As with any conversation in Washington, D.C. regarding government recently, the partial shutdown — then in its final days, it turned out — topped the agenda for my recent discussion with Alan Shark.

He is the executive director of the Public Technology Institute (PTI), a D.C.-based organization created almost a half century ago to help local governments, cities and counties understand and embrace technology in all its aspects. His reactions to the shutdown presented a new and perspicacious twist.

Alan Shark, executive director, of the Public Technology Institute, joined Ask the CIO: SLED Edition this week.

“There are 45,000 open positions today in all facets in the Washington, D.C. area total government and private sector,” he said.

In addition, these positions are by far government related, either directly or with contractors serving the federal IT marketplace.

“But, regardless, when the shutdown ends there will be lasting impact to attracting and maintaining employees, which we already talked about as being a major challenge,” he said.

Why would anybody want to work for government?

As a result of the shutdown, Shark felt that government service unfortunately has become far less attractive and that impression is going to have a deleterious impact for years to come.

“Shutdowns are horrible on so many levels, but in particular, why would anybody want to work for government given the way in which people are being treated?” Shark asked.

Beyond the impact on the IT job market, there is the question of the federal shutdown’s effect on state and local government operations, an issue afforded little attention inside the Capital Beltway during this period. It is generally understood that most government services are actually provided at the state and local government levels. However, far less understood is the fact that the federal funding often constitutes a third or even half of state and local governments’ IT budgets. Major social service, healthcare and criminal justice programs, and their related IT systems are directly funded through state grants and other funding vehicles.

Shutdown impact on state and local governments

Consider the situation where a billion-dollar child welfare case management system is being deployed in California and funded at 75 percent by a federal human service agency. Each month the prime contractor invoices the state which in turn requests reimbursement from the feds. How has that process been affected by a month long government shutdown? This was a question Shark and I considered.

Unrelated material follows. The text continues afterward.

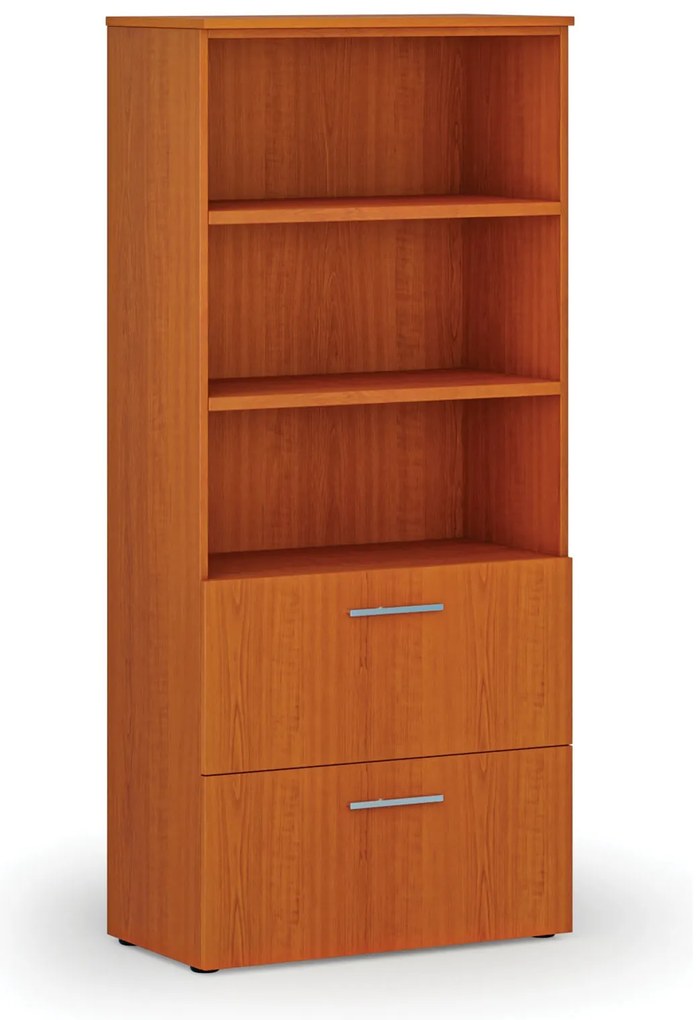 Skriňa so zásuvkami pre závesné zložky PRIMO WOOD, 800 x 420 x 1781 mm, čerešňa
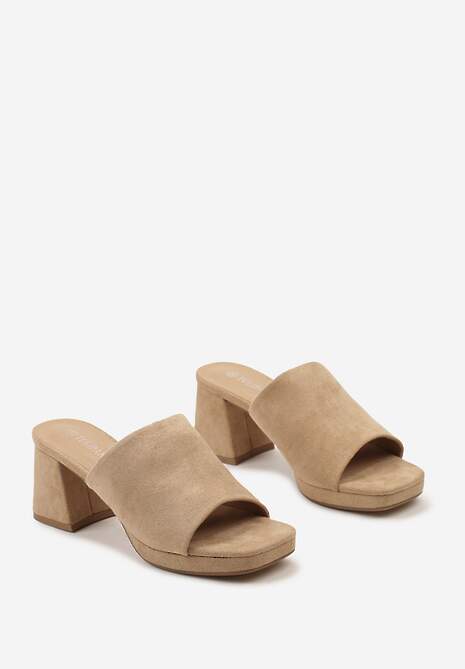 Bej închis Slip-on Toc trapez Piele întoarsă ecologică Cearra 5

We also posed the question to our mutual friend, Doug Robinson, executive director at the National Association of State Chief Information Officers (NASCIO). The general consensus is that while no disruptions have been identified or reported so far, this wouldn’t have gone on forever. However, the greatest concern at least up to this time has been the potential effect on food programs funded by the federal government and operated at the state and local level.

It has been reported that funding for 40 million food stamp recipients, school lunch programs, and women, infant and children nutritional programs, for example, may have been in jeopardy come February if the shutdown continued.

Highlights of PTI’s survey of local IT priorities

Beyond the shutdown, Shark highlighted the results from PTI’s annual survey of its members’ IT related priorities for 2019, plus an intriguing comparison of those findings with a similar study conducted by NASCIO the end of last year. This is significant because state and local government IT spending is huge, more than $130 billion per year according to Deltek, $40 billion or more than the federal spend.

“Both the state and the local government CIOs for the last five years have ranked security and risk management as number one. We basically have listed it not as a concern, but as a crisis,” he warned. After security, budget, cost control and fiscal management were top concerns, followed by customer relationship management (CRM). “CRM has moved up very rapidly as local governments are obviously closer to the public.”

Rounding out the top ten categories were consolidation, identity and access management, “a new entry”, he added; then broadband wireless, cloud services, digital government, and finally, data management and analytics.

Coincidentally, all 10 PTI survey priorities were included in NASCIO’s top ten as well. While beyond security, the priorities do not line up exactly but the similarly is fascinating, though perhaps not all that surprising.

Finally, Shark announced a major development at his organization. PTI has merged just this month with the Computing Technology Industry Association (CompTIA).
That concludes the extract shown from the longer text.